Kristin Carideo (KAC): (01:06)
And I’m Kristen Carideo.
Kristin Crowe (OGK): (01:08)
And this is must contain the podcast from Etumos where we help explain the how of marketing, although we can’t always explain the why.
Kristin Carideo (KAC): (01:15)
Join us every two weeks as we break down marketing and corporate topics and discuss what they really mean.
Kristin Crowe (OGK): (01:21)
And if you enjoyed this podcast, please remember to like follow or subscribe in all your favorite podcast platforms.
Kristin Carideo (KAC): (01:31)
Okay. Whenever you’re ready Kristin. -Oh no it’s me.
Kristin Crowe (OGK): 01:36
Yea it’s you – Kristin. But I might leave all this in.
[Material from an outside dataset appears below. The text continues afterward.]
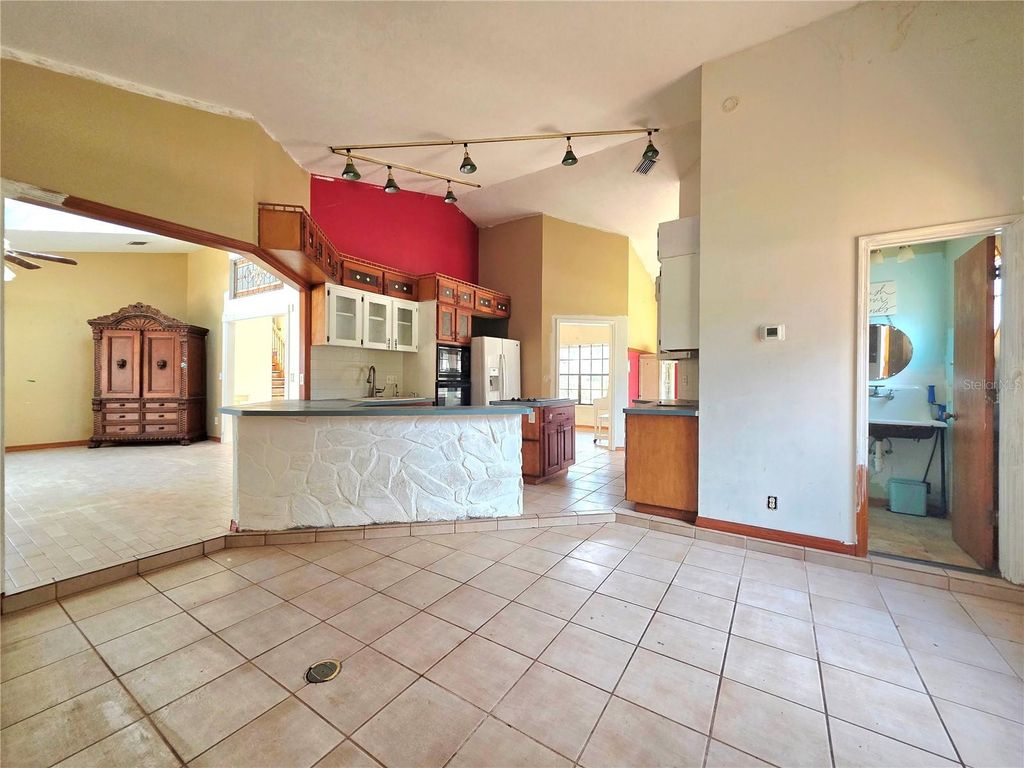 Image 37 of property listing at 4231 TALL TREE DRIVE, Orlando, FL 32810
Kristin Carideo (KAC): (01:47)
Welcome back to another episode of Must Contain. Today our topic is something near and dear to my heart. As someone who is titled VP of Revenue – Revenue Operations or RevOps. What is it? Should we all be organizing our teams this way? Why do people do this? Why do they organize their operations team this way? Or is it just a fancy buzz word?
Kristin Crowe (OGK): (02:08)
Well, I can’t wait to dig in. And our guest once again is Kelly Jo Horton, Senior Client Partner here at Etumos and our first repeat guest. Kelly Jo was our very first guest on this podcast in fact, talking about ABM. Go back and check out that episode if you get a chance. Welcome back, Kelly Jo.
Kelly Jo Horton: (02:28)
Thanks for having me back again. I’m Kelly Jo, and as I said, I am a Senior Client Partner and a fierce revenue operations advocate.
Kristin Crowe (OGK): (02:44)
All right. Well, this should be good. Guaranteed. So let’s jump in. I think it’s probably a pretty easy ask to define RevOps, but can you define how people out in the market are using it and maybe how they’re using it correctly or incorrectly?
Kelly Jo Horton: (03:02)
Yeah. So let’s let’s talk about what it isn’t. I have in previous jobs sat in revenue operations organizations that I would say were not defined correctly or put together under what I would consider a RevOps definition. One organization was led by a sales leader and one organization was led by a marketing leader. So what it is not… it is not a part of demand gen marketing. It is not just a dedicated sales organization. It is not a solution if you have a problem with your sales and marketing teams actually talking and collaborating, which is what I think a lot of companies end up doing, they create a RevOps organization to try to force collaboration and alignment between sales and marketing. And that is not what it’s about.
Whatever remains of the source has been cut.